5, preferably while adjusting and holding at 7.5 to 8.0,
By aerating with air f, organic substances such as ethanolamine which partially remain in the liquid are decomposed by the action of sulfite bacteria and nitrate bacteria under aerobic conditions, and furthermore, the generated ammonium ions are partially assimilated. Most of them are oxidized to nitrite ions and nitrate ions. Most of the hydrazine contained in the liquid is biodegraded by microorganisms to become nitrogen gas or the like. The reaction is represented by chemical reaction formulas (3) to (7).
As shown below.

[0018]

Embedded image

In this reaction, an aerobic microorganism consisting of nitrite and nitrate was trained for about one month. As a result, it was confirmed that these microorganisms were successfully treated without being inhibited by hydrazine, and had acquired hydrazine resistance. A part after the treatment is returned to the first anaerobic decomposition tank 1 described above, and the remaining part is supplied to the next step.

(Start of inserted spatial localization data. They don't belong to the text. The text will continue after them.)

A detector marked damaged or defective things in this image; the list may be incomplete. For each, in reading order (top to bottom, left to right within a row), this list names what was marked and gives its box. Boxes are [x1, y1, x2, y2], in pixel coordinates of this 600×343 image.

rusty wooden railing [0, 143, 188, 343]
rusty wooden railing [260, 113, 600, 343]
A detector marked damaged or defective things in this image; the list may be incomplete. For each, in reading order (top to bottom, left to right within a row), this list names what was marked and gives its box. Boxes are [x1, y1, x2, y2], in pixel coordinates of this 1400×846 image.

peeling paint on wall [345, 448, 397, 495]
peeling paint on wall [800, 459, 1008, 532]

(3) Second Anaerobic Decomposition Step The remainder of the processing liquid in the first aerobic decomposition tank 2 is led to the second anaerobic decomposition tank 3. Here, a neutralizing agent b such as sodium hydroxide
At pH 8.0 to 9.5, preferably 8.5 to 9.0.
By adding and mixing an organic substance such as methanol e as an energy source for the metabolism of microorganisms while maintaining the pH, the action of denitrifying bacteria under anaerobic conditions is the same as in the case of the first anaerobic decomposition tank 1. This decomposes organic substances such as ethanolamine remaining in a part of the liquid, and reduces nitrite ions and nitrate ions to decompose them into nitrogen gas, carbon dioxide gas and the like, which are released as decomposed gas g ′.

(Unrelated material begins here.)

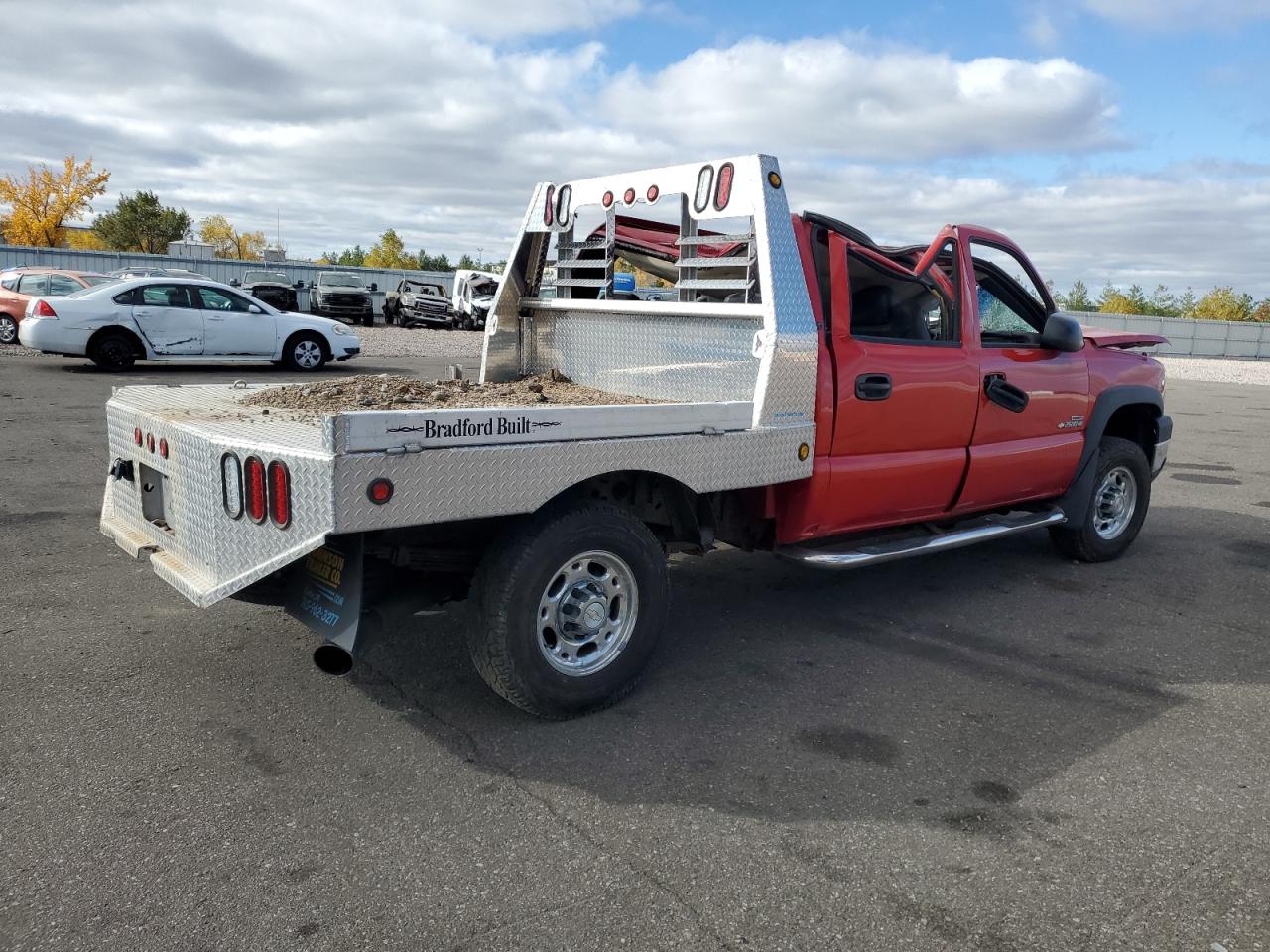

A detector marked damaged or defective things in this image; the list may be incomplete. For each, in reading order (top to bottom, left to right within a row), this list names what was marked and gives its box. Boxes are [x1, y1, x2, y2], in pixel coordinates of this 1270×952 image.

damaged vehicle [229, 270, 302, 313]
damaged vehicle [385, 278, 454, 329]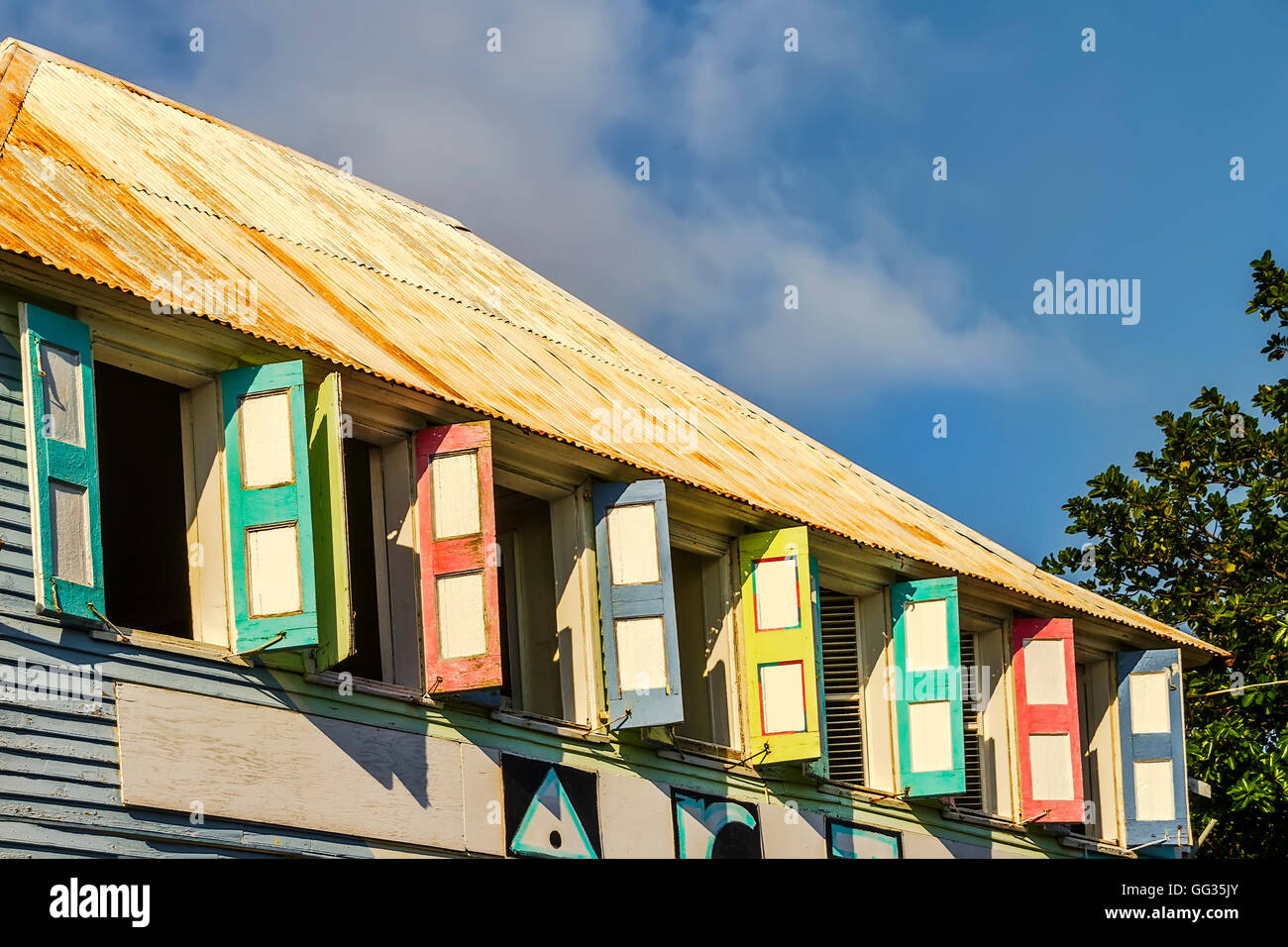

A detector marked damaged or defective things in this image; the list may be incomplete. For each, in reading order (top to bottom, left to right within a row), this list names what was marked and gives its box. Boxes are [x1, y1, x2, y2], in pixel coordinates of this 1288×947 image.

rusty metal roof [0, 39, 1226, 659]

(4) Second Aerobic Decomposition Step The processing liquid in the second anaerobic decomposition tank 3 is led to the second anaerobic decomposition tank 3. Here, p with neutralizing agent b4 such as sodium hydroxide
H is adjusted to 6.5 to 8.0, preferably 7.0 to 7.5, and is maintained in the solution by aeration with air f by aeration of BOD oxidizing bacteria under aerobic conditions. In the second anaerobic decomposition tank 3, the methanol and the organic substances such as ethanolamine remaining in a part of the liquid and hydrazine are decomposed. In the mixed liquid in the second aerobic decomposition tank 4, a separation membrane S5, that is, a submerged precision membrane filtration device is immersed. After the completion of the reaction, the treatment liquid is suctioned or depressurized through the separation membrane S5, that is, the microfiltration membrane, to separate a solid substance, and is discharged or reused as treated water h after passing through the membrane. In addition, part of the separated sludge is returned as sludge n '
And n ″ are returned to the first anaerobic decomposition tank 1 and the second anaerobic decomposition tank 3, respectively, to keep the microorganism concentration in the tank almost constant, and the remaining part is discharged out of the system as surplus sludge n. Here, the concentration of the denitrifying bacteria in the second anaerobic decomposition tank can be increased by introducing the returned sludge not only into the first anaerobic decomposition tank but also into the second anaerobic decomposition tank. The processing performance of the decomposition tank is improved. Since the reaction in the second anaerobic decomposition tank is the final step of removing nitrogen from water,
The denitrification rate here has to be kept at almost 100%. However, when methanol is added, it is less likely to be decomposed than ethanolamine, and the growth of methanol-using denitrifying bacteria tends to decrease. Therefore, when the sludge is returned only to the first anaerobic decomposition tank, the denitrifying bacteria utilizing ethanolamine grown in the first anaerobic decomposition tank become the priority species, and as a result, the ratio of methanol-using denitrifying bacteria decreases. The performance of the second anaerobic decomposition tank may be reduced. This tendency is particularly noticeable at a high load of 0.8 kg / d or more in the anaerobic decomposition tank. By returning the sludge to the second anaerobic decomposition tank, the methanol-utilizing denitrifying bacteria that have exited the second anaerobic decomposition tank are allowed to grow in the second aerobic decomposition tank (here, bacteria that aerobically decompose methanol grow). ), And returns to the second anaerobic decomposition tank again, so that the sludge concentration can be maintained without reducing the ratio of methanol-using denitrifying bacteria. Methanol-degrading bacteria that grow in the second aerobic digestion tank are basically methanol-utilizing denitrifying bacteria that act in the second anaerobic digestion tank (a facultative anaerobic bacterium that can live in both aerobic and anaerobic environments). Fungus),
Here too, it can be expected that denitrifying bacteria utilizing methanol will proliferate. In addition, by increasing the amount of methanol charged into the second anaerobic decomposition tank, excess methanol can be decomposed in the second aerobic decomposition tank to further increase the ratio of methanol-using denitrifying bacteria. (2) The processing efficiency in the anaerobic decomposition tank increases.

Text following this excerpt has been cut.